Die Aktiengesellschaft (AG)

Die Aktiengesellschaft ist eine Kapitalgesellschaft, wie die GmbH (Gesellschaft mit beschränkter Haftung) oder die KGaA (Kommanditgesellschaft auf Aktien). Die AG ist eine juristische Person, da sie ein eigenständiges Rechtssubjekt und daher selbst Träger von Rechten und Pflichten ist. Gesetzliche Regelungen zur AG finden sich im Aktiengesetz (AktG).

Die AG Gründung

Eine AG kann durch eine oder mehrere Personen gegründet werden, eine Mindestanzahl an Personen ist nicht (mehr) erforderlich. Das Grundkapital einer AG beträgt 50.000 Euro, das vom Gründer aufgebracht werden muss. Entweder durch Zahlung der Summe oder durch eine sog. Sachgründung, also zB. Einbringung eines Einzelunternehmens. Der Gründer erhält dafür Aktien, die entweder über einen bestimmten Betrag lauten (Nennbetrags-Aktien) oder deren Wert sich in der Summe der gehaltenen Aktien zur gesamten Summe der gehaltenen Aktien ergibt (Stück-Aktien).
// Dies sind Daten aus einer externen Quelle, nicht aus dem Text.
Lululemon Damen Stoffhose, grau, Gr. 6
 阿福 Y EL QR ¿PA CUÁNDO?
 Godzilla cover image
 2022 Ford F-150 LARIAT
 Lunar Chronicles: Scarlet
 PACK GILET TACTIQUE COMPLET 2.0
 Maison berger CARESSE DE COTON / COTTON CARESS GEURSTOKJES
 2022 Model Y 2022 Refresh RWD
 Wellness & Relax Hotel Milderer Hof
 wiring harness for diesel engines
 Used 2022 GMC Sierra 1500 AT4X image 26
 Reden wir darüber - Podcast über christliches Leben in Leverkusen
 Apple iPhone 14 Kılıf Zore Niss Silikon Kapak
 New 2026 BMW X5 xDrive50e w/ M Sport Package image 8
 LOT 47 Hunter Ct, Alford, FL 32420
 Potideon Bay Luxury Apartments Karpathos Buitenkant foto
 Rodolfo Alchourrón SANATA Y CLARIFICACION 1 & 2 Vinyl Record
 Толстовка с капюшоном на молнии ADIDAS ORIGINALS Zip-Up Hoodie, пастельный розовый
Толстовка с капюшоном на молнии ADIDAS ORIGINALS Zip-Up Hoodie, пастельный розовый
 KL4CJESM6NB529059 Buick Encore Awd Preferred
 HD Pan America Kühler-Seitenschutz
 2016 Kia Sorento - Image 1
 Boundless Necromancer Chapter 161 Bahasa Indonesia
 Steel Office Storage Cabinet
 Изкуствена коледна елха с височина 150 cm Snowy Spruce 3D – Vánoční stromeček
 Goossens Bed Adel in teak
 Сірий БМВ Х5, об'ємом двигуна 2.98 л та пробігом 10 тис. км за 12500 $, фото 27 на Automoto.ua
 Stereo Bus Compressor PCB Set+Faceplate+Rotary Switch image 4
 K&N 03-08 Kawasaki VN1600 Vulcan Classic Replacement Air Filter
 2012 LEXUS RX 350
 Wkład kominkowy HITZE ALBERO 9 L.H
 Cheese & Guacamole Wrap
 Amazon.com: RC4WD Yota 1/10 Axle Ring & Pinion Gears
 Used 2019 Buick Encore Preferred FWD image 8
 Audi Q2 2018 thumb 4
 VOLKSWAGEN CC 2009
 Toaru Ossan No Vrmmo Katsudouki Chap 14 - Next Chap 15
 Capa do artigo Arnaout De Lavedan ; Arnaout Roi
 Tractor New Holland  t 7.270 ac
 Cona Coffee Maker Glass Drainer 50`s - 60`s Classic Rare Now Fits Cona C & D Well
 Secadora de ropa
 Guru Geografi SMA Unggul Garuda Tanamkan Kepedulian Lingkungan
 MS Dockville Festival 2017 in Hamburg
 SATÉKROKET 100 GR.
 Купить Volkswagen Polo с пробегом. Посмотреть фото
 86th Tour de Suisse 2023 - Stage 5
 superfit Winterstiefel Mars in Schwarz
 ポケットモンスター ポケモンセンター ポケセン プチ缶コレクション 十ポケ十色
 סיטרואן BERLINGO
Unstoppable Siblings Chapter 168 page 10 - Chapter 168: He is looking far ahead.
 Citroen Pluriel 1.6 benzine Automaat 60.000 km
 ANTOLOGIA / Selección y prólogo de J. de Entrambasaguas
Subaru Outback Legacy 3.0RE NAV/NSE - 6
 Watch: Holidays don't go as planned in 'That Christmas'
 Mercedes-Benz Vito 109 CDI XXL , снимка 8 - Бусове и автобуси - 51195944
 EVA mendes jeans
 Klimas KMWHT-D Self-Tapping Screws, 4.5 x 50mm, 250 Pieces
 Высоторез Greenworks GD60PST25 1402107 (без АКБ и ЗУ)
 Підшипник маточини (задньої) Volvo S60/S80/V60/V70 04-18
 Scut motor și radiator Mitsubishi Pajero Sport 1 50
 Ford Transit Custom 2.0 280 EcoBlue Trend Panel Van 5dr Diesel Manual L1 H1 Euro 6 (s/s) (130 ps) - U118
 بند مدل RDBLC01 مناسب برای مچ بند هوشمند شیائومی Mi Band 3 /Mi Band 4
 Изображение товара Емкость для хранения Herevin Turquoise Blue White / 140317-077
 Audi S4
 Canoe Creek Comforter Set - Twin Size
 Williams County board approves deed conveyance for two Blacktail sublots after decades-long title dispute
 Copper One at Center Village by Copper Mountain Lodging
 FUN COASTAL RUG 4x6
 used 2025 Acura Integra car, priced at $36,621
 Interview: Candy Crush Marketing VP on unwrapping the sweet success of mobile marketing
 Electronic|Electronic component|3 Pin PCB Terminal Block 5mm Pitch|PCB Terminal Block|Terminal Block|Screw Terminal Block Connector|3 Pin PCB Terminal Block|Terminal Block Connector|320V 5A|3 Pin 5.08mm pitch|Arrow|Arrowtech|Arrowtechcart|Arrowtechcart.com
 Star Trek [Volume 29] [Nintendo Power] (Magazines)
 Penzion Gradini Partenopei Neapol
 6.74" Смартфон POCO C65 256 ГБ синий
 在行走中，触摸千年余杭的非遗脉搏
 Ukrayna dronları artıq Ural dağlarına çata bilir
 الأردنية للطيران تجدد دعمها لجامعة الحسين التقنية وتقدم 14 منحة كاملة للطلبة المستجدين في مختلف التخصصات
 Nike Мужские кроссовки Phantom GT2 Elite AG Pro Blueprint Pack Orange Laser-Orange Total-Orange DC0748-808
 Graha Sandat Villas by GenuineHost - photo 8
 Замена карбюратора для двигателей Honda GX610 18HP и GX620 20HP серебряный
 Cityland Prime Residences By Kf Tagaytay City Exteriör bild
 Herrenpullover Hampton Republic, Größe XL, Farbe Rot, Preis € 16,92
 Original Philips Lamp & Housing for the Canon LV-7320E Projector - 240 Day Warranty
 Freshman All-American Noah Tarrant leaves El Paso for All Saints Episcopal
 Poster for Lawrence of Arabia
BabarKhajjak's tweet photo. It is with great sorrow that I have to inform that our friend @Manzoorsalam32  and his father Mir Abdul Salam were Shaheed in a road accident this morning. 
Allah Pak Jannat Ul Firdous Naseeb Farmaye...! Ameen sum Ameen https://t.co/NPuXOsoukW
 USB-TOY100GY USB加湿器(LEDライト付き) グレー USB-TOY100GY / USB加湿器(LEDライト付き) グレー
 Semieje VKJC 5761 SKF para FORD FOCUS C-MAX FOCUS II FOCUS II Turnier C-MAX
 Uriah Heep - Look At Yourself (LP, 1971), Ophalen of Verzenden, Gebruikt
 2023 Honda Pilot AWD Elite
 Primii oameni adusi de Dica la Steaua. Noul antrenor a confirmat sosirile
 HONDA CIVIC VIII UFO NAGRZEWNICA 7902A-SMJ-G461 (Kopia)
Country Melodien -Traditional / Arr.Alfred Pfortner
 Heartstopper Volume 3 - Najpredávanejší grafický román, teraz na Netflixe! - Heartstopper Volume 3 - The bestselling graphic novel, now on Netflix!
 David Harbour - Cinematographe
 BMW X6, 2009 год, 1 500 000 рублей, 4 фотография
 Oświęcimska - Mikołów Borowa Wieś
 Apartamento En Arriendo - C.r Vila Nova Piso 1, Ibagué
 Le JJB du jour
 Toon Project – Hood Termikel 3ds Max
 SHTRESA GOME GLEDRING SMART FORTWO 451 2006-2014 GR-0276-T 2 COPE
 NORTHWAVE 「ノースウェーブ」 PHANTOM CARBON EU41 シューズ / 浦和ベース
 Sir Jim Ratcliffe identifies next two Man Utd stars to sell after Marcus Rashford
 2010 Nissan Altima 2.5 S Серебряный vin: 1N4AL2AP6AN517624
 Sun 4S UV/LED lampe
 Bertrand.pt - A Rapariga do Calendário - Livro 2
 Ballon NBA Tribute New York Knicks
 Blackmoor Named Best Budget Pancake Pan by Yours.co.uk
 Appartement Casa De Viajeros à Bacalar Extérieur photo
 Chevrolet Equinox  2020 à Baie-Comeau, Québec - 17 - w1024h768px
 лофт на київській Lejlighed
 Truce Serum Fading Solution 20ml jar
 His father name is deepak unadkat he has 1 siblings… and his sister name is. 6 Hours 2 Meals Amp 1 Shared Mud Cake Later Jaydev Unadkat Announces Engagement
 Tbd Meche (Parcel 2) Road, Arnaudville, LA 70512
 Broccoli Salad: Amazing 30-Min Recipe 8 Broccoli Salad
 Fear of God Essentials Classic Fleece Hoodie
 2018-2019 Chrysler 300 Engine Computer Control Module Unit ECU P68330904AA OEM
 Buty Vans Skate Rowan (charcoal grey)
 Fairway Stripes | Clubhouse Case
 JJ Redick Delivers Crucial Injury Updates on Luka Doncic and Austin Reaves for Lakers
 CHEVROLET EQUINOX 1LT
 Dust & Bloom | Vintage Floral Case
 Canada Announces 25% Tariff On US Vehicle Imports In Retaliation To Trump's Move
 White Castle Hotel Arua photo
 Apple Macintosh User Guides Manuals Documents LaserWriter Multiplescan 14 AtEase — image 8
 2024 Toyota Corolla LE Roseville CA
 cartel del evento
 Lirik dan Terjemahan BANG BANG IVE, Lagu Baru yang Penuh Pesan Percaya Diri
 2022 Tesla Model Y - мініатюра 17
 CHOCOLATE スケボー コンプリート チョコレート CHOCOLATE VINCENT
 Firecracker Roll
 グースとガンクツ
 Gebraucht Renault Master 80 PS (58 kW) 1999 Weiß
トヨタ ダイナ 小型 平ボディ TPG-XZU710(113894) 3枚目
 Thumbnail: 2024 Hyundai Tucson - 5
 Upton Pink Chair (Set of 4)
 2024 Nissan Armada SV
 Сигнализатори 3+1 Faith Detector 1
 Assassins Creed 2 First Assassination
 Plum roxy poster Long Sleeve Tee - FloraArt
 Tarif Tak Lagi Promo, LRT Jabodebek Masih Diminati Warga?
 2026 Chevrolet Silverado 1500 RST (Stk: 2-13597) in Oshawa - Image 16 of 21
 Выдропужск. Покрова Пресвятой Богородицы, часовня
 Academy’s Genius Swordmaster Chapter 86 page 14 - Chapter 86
Außerdem können Aktien noch auf eine bestimmte Person ausgestellt werden (Namens-Aktien) oder derjenige, der sie in den Händen hält, genießt die Ansprüche aus der Aktie (Inhaber-Aktien). Grundsätzlich kann die Firma, also der Name der Gesellschaft, frei erfunden werden. Doch muss in der Firma die Bezeichnung „Aktiengesellschaft“ oder eine allgemein verständliche Abkürzung, wie „AG“, enthalten sein. Mögliche Bezeichnungen wären also zB. „Fritz Müller Aktiengesellschaft“ oder auch „Schuhfabrik am Rhein AG“. Eine Satzung, also ein Gesellschaftsvertrag, ist auch für eine AG zwingend notwendig. Dieser muss Mindestangaben enthalten, die im Aktiengesetz geregelt sind.

Organe der AG

Die AG wird durch ihre Organe vertreten. Diese sind der Vorstand, die Aktionärsversammlung (Hauptversammlung) und der Aufsichtsrat. Die Organe haften zwar für ihr Handeln, zB. der Vorstand für eine Insolvenzverschleppung. Doch ist die Haftung grundsätzlich auf das Gesellschaftsvermögen beschränkt.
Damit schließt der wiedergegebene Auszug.